Last term I ran poetry workshops at a lovely school in a village called Watton-at-Stone in Hertfordshire. On my way to the school I drove through an equally lovely village called Datchworth, and was reminded of a newspaper article I'd read some years previously.

The article told of the village's recent commemoration of a family who starved to death there in 1796. James Eaves, his wife and two children were, apparently, ostracised and left to die by member of the community. Eaves' 11-year-old son survived, and went insane following his ordeal. Here is a contemporary illustration of the Eaves family:


When I read the article, and when I saw the picture, I was highly disturbed. I told the children during the school assembly that I knew a 'scary' story connected with Datchworth, but that it was genuinely not nice, and I'd leave it up to them to do their own research. Perhaps predictably, however, they clamoured to hear it, and did not seem to be overly disturbed by it. (Let it be known that I did not show them the horrible picture above.)

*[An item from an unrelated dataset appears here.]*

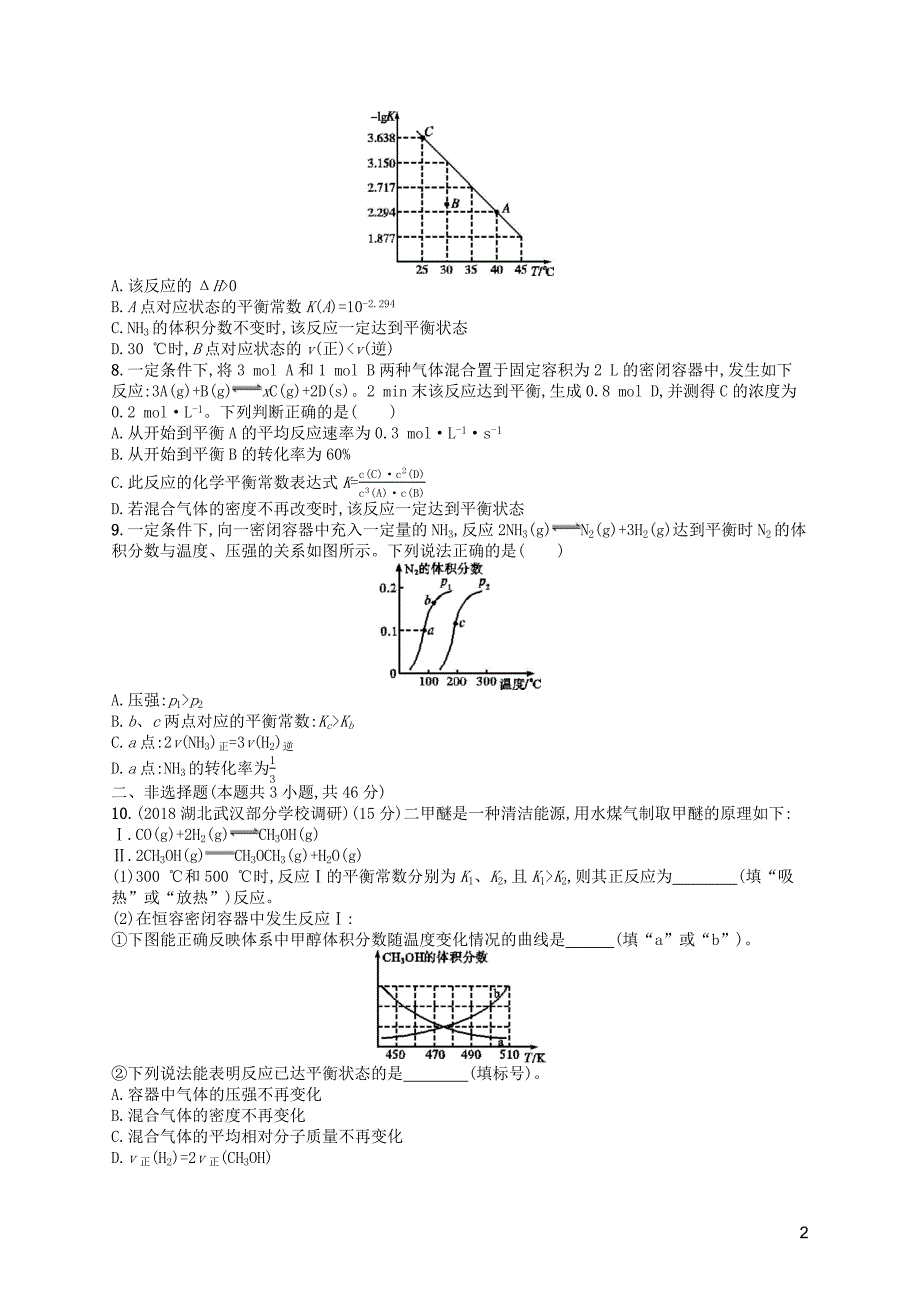 （江苏专用）2020高考化学一轮复习 课时规范练20 化学反应的方向和限度_第2页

I am hopefully going back to visit the school some time in the next school year. When I visit schools I often try to write a bespoke poem for them, so I wrote a poem entitled 'Datchworth Boy', about James Eaves' 11-year-old son. The poem is the first villanelle I've ever tried to write. I chose the form because I think its repetitive, cyclical nature would be good at conveying the insanity into which Eaves Jr. irrecoverably fell. I will hopefully read it out to the older children during my visit:

Datchworth Boy

His mother gathered water from the lake.
They found him dressed in rags, decayed and pale.
A madness grew from which he couldn’t wake.

His baby sister’s body couldn’t take
The strain, his dad too weak to wail.
His mother gathered water from the lake.

The door was bolted shut, as though to make
That house on Datchworth Green into a jail.
A madness grew from which he couldn’t wake.

And some say Datchworth’s haunted by the ache
Of wounds left by the family it failed.
His mother gathered water from the lake.

The village voice lies silent now. Let’s stake
A claim to history unveiled:
His mother gathered water from the lake.
A madness grew from which he couldn’t wake.